Graduate students and postdoctoral researchers in the two departments have formed a Joint Safety Team (JST), which comprises 62 Laboratory Safety Officers (LSOs) and a number of interested graduate students from the two departments. The JST’s safety campaign focuses on four key areas—CARE:
The JST has developed a number of short-term and long-term recommendations for improving safety practices. These recommendations will act as a guidebook to improving the safety culture at the university.
“We identified areas of safety that needed improvement and devised a list of ways to address those areas,” said Kathryn “Kate” McGarry, a CHEM graduate student and chair of the JST Administrative Committee. “The JST will be working closely with our department chairs, personnel from the University’s Department of Environmental Health & Safety (DEHS), and members of Dow Chemical Company to implement these recommendations. Our motivation and actions hopefully will encourage the rest of our community to join us in establishing a better culture of safety,” she said.
The short-term recommendations will be implemented this fall. They include creating and posting new laboratory signs that emphasize PPE requirements, potential hazards in the lab, and guidelines on how to make the laboratories safer places to conduct research.
“Safety Starts with U!” posters will be created and strategically posted in the departments.
“It's important for us to cultivate a culture of safety here at the U,” said Brian Merritt, a CEMS graduate student and chair of the JST Public Relations Committee. “This effort began with the DOW partnership, and is continuing now with our safety campaign. These posters are the first step in establishing the importance of a safe environment,” he said.
Other plans include conducting Safety Moments at the start of all departmental seminars and group meetings; publishing Safety Notes in the departments’ weekly email newsletters; conducting the first-ever departmental cleanup week; writing, evaluating, and sharing laboratory-specific safe operating procedures; and sending monthly emails on safety learning experiences.
Long-term, the JST will focus on maintaining the safety campaign.
“This campaign addresses the need to improve the culture of safety in our laboratories in proactive, collaborative, and direct ways,” said Professor William Tolman, chair of the Department of Chemistry. “The fact that it is being led by the graduate students and postdoctoral researchers is terrific. Their energy and creative ideas are already having a profound impact,” he said.

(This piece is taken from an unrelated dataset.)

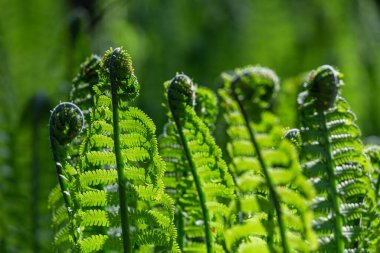Yeşil arka planda yeşil eğrelti otları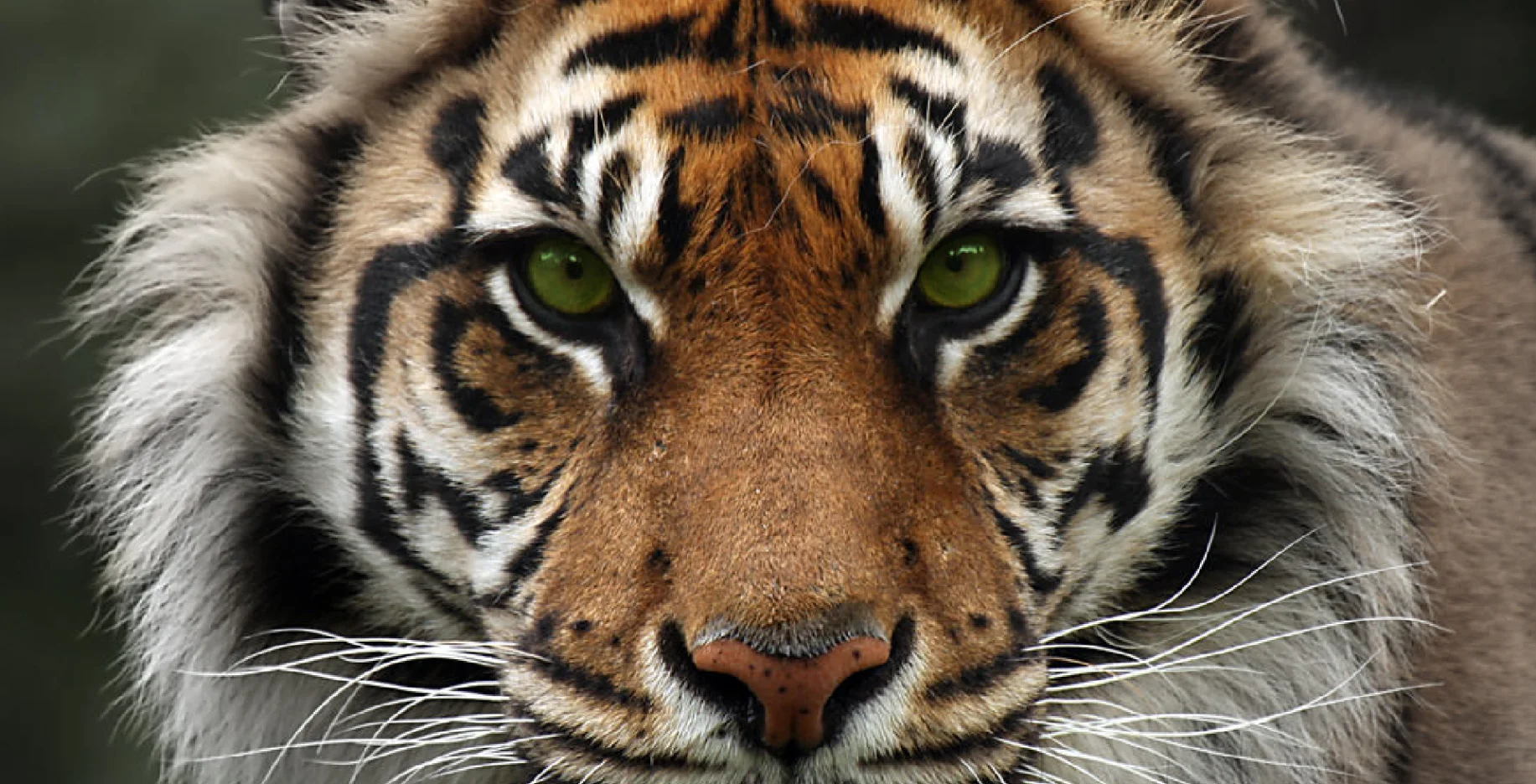 Tiger perched on a railing overlooking a city river with skyscrapers reflected in the water.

What is learned in this pilot project could be shared across the university.
“The Department of Environmental Health and Safety is committed to learning from this innovative program and sharing what we have learned from this experience with others across the campus,” said Craig Moody, director of the DEHS. “The students involved in this program should be very proud in knowing they will have an impact on the health and safety of thousands of students and staff in the years to come.”
The JST’s kickoff for its safety campaign is planned for 4 p.m. Monday, September 24, in 100 Smith Hall. This is an opportunity to learn more about the campaign, the partnership with Dow Chemical Company, and plans for improving and sustaining the safety culture in the departments. Refreshments will follow in the Smith Hall lobby where there also will be a number of educational booths. There will be an opportunity for students to win personal protection equipment. All faculty, graduate students, and post doctorates are invited to attend.
Kathryn "Kate" McGarry, a graduate student in the Department of Chemistry and chair of the Joint Safety Team Administrative Committee, demonstrates how hoods and protective glass are important safety features that need to be used appropriately in laboratories, as is wearing personal protective equipment.